In-frame gene fusion events resulting from chromosomal rearrangements of the human genes NTRK1,
NTRK2, and NTRK3 lead to the formation of oncogenic TRK fusion proteins. These resultant novel
chimeric oncogenic proteins are aberrantly expressed, driving constitutive kinase activity subsequently
activating downstream cell signalling pathways involved in cell proliferation and survival leading to
TRK fusion-positive cancer.
Acquired resistance mutations after progression on TRK inhibitors have been observed. Larotrectinib
had minimal activity in cell lines with point mutations in the TRKA kinase domain, including the
clinically identified acquired resistance mutation, G595R. Point mutations in the TRKC kinase domain
with clinically identified acquired resistance to larotrectinib include G623R, G696A, and F617L.
The molecular causes for primary resistance to larotrectinib are not known. It is therefore not known if
the presence of a concomitant oncogenic driver in addition to an NTRK gene fusion affects the efficacy
of TRK inhibition. The measured impact of any concomitant genomic alterations on larotrectinib
efficacy is provided below (see clinical efficacy).
Pharmacodynamic effect
Cardiac electrophysiology
In 36 healthy adult subjects receiving single doses ranging from 100 mg to 900 mg, VITRAKVI did
not prolong the QT interval to any clinically relevant extent.
The 200 mg dose corresponds to a peak exposure (Cmax) similar to that observed with larotrectinib
100 mg BID at steady state. A shortening of QTcF was observed with VITRAKVI dosing, with a
maximum mean effect observed between 3 and 24 hours after Cmax, with a geometric mean decrease in
QTcF from baseline of -13.2 msec (range -10 to -15.6 msec). Clinical relevance of this finding has not
been established.

Clinical efficacy
Overview of studies
The efficacy and safety of VITRAKVI were studied in three multicentre, open-label, single-arm
clinical studies in adult and paediatric cancer patients (Table 4). The studies are still ongoing.

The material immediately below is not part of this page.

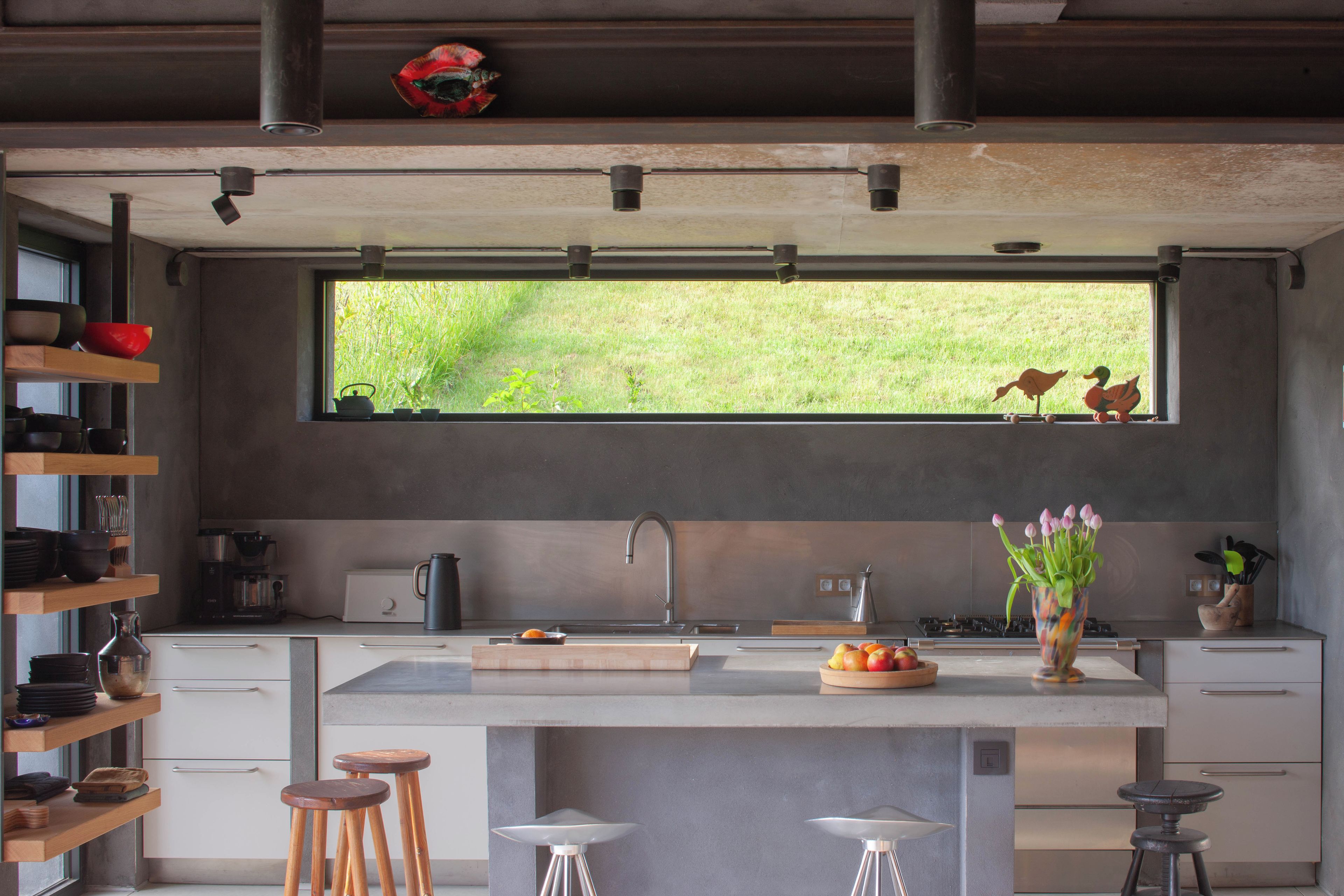 A modern kitchen with a large window, a sink, and bar stools.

Patients with and without documented NTRK gene fusion were allowed to participate in Study 1 and
Study 3 (“SCOUT”). Patients enrolled to Study 2 (“NAVIGATE”) were required to have TRK
fusion-positive cancer. The pooled primary analysis set of efficacy includes 164 patients with TRK
fusion-positive cancer enrolled across the three studies that had measurable disease assessed by
RECIST v1.1, a non-CNS primary tumour and received at least one dose of larotrectinib as of July
2019. These patients were required to have received prior standard therapy appropriate for their
tumour type and stage of disease or who, in the opinion of the investigator, would have had to undergo
radical surgery (such as limb amputation, facial resection, or paralysis causing procedure), or were
unlikely to tolerate, or derive clinically meaningful benefit from available standard of care therapies in
the advanced disease setting. The major efficacy outcome measures were overall response rate (ORR)

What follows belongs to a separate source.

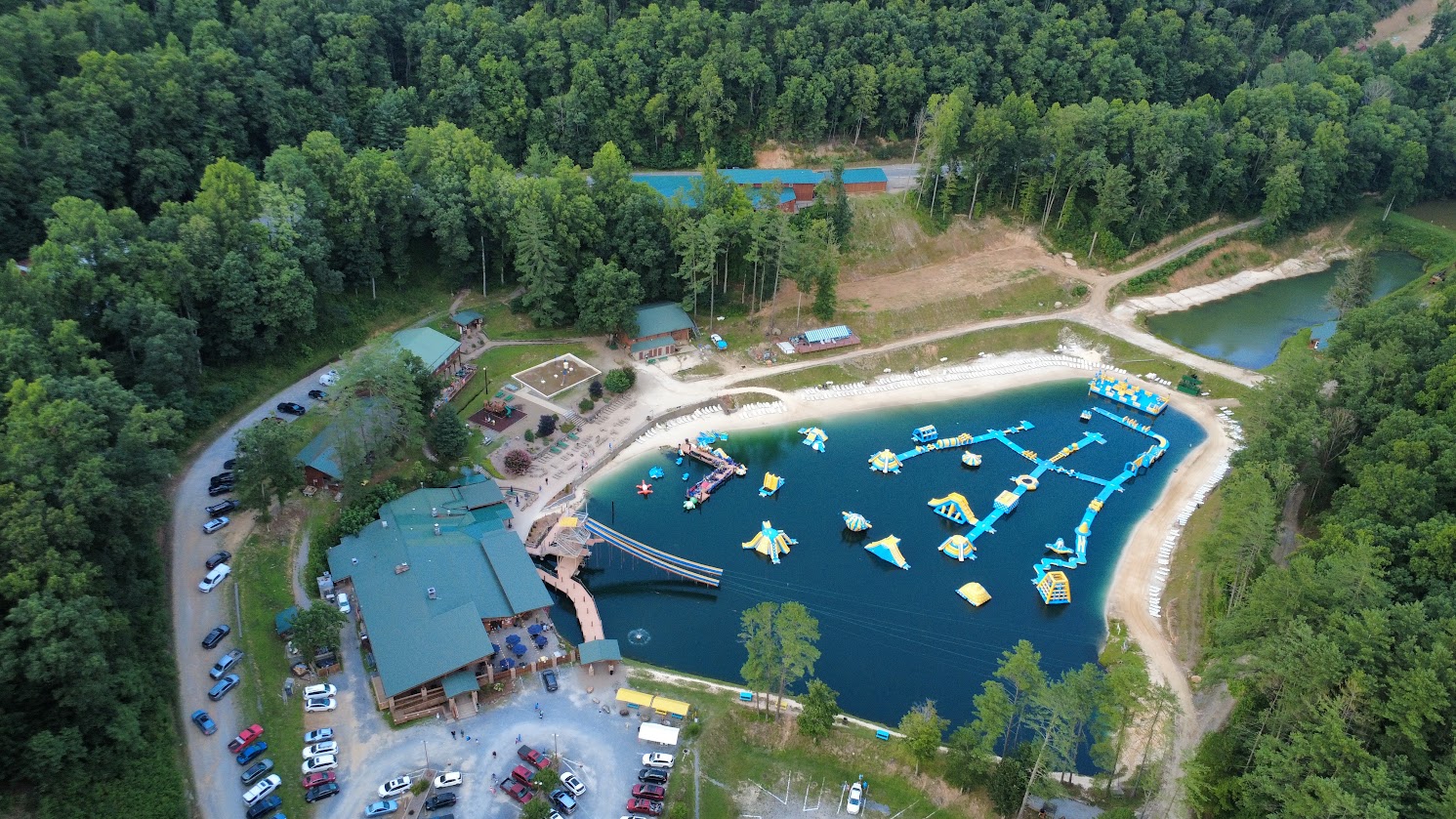 Aerial view of a lodge area with inflatable water attractions in a lake surrounded by trees.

and duration of response (DOR), as determined by a blinded independent review committee (BIRC).
In addition, 24 patients with primary CNS tumours and measurable disease at baseline were treated in
Study 2 (“NAVIGATE”) and in Study 3 (“SCOUT”). All primary CNS tumour patients had received
prior cancer treatment (surgery, radiotherapy and/or previous systemic therapy). Tumour responses
were assessed by the investigator using RANO or RECIST v1.1 criteria.
Identification of NTRK gene fusions relied upon the molecular test methods: next generation
sequencing (NGS) used in 166 patients, reverse transcription-polymerase chain reaction (RT-PCR)

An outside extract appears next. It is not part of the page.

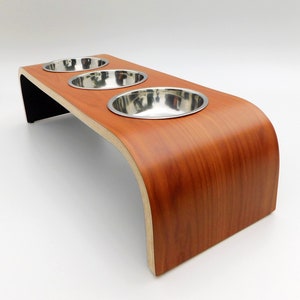 Angled view of our triple bowl raised dog feeder in a cherry wood and black finish on a white background with three stainless steel bowls and showing the natural wood edge finish.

used in 9 patients, fluorescence in situ hybridization (FISH) used in 12 patients, and Nanostring in
1 patient as routinely performed at certified laboratories.

 

Pooled primary analysis set
The pooled primary analysis set consisted of 164 patients and did not include primary CNS tumours.
Median time on treatment before disease progression was 14.7 months (range: 0.10 to 51.6 months)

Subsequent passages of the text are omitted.